R v Brian Roy DAVIES No. SCCRM 96/56 Judgment No. 5756 Number of Pages 6 Criminal Law
[1996] SASC 5756
•14 August 1996
COURT IN THE COURT OF CRIMINAL APPEAL OF SOUTH AUSTRALIA DOYLE CJ(1), COX(2) AND BOLLEN(3) JJ
CWDS
Criminal law - jurisdiction, practice and procedure - judgment and punishment - Crown appeal - need to maintain standards of sentencing - need to correct manifest inadequacy. Everett v R (1994) 181 CLR 295, applied.

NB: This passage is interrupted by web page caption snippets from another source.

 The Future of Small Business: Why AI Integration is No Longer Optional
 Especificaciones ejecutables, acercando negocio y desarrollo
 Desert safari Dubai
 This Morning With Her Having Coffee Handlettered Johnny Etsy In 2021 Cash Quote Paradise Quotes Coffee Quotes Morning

HRNG ADELAIDE, 15 July 1996 #DATE 14:8:1996
Counsel for appellant: Ms W Abraham
Solicitors for appellant: DPP (SA)
Counsel for respondent: Mr R Halliday with Ms N Symons
Solicitors for respondent: Alderman Consultant Solicitors
ORDER
Appeal allowed.
JUDGE1 DOYLE CJ
1. In my opinion leave to appeal should be granted to the Director of Public Prosecutions, the appeal should be allowed and a new non-parole period of four years should be fixed. I agree with the reasons given by Cox J for doing so.
2. I wish to add just this. In Everett v The Queen (1994) 181 CLR 295 the High Court made it clear that the grant to the prosecution of leave to appeal against a sentence imposed by a criminal court is something which will be given only in the rare and exceptional case. The court went on to indicate that leave should be granted only when it was necessary to do so to lay down some point of principle. Leave should not be granted merely because the sentence imposed is seen to be inadequate. However, the court added (at 300) that there could be cases of "manifest inadequacy" or inconsistency in sentencing standards which would give rise to an error of principle warranting correction by a Court of Criminal Appeal.

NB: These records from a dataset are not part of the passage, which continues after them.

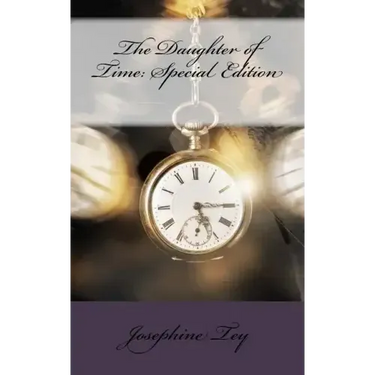 The Daughter of Time: Special Edition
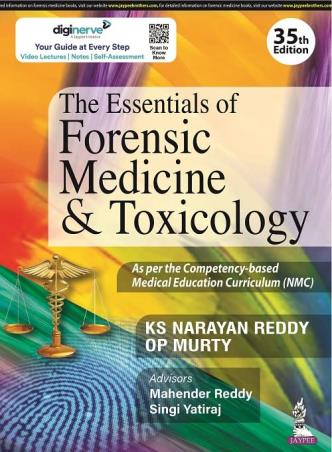 Book cover number 1 for The Essentials Of Forensic Medicine & Toxicology (35th Edition) written by K. S. Narayan Reddy, O. P. Murty published by Jaypee Brothers Medical Publishers (P) Ltd.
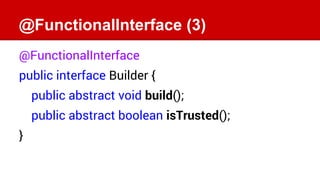 @FunctionalInterface (3)
@FunctionalInterface
public interface Builder {
public abstract void build();
public abstract boo...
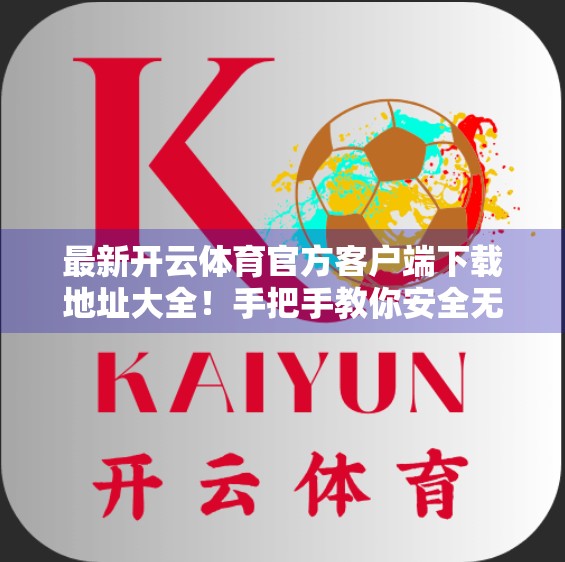 最新开云体育官方客户端下载地址大全！手把手教你安全无忧获取最新版本，畅享赛事直播不卡顿！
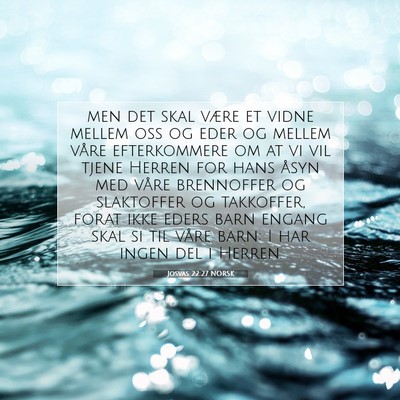 Picture 07 - Josvas 22:27 NORSK - men det skal være et vidne mellem oss og eder og - Bible Verse Picture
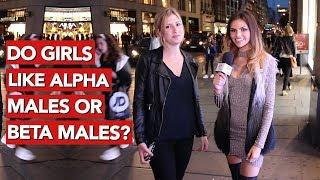 Do girls like alpha males or beta males?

3. There are two matters in this case which I would identify as warranting the grant of leave. The first point is that, in cases such as this, deterrence is an important aspect of sentencing. If credit is to be given for the matters identified by the sentencing judge and referred to by Cox J, the scope for adequate deterrence will be substantially eroded. This is the case because the matters identified by the sentencing judge and by Cox J - previous good character, unlikelihood of further offending and so on, are regularly found in cases such as this, as Cox J points out. The need for deterrence, and the fact that these features are routinely present in such cases, combine to mean that such a low non- parole period cannot be justified upon the basis of such matters in cases such as this.
4. In my opinion this was also an instance of manifest inadequacy or inconsistency in sentencing standards. If an offender such as the respondent, who has committed offences of such magnitude over a long period of time, can escape with a non- parole period as low as two and a half years, there would seem to be no scope for adequate punishment of an offender who does plead guilty and who demonstrates contrition. In short, in my opinion, the non-parole period was manifestly inadequate and calls for correction.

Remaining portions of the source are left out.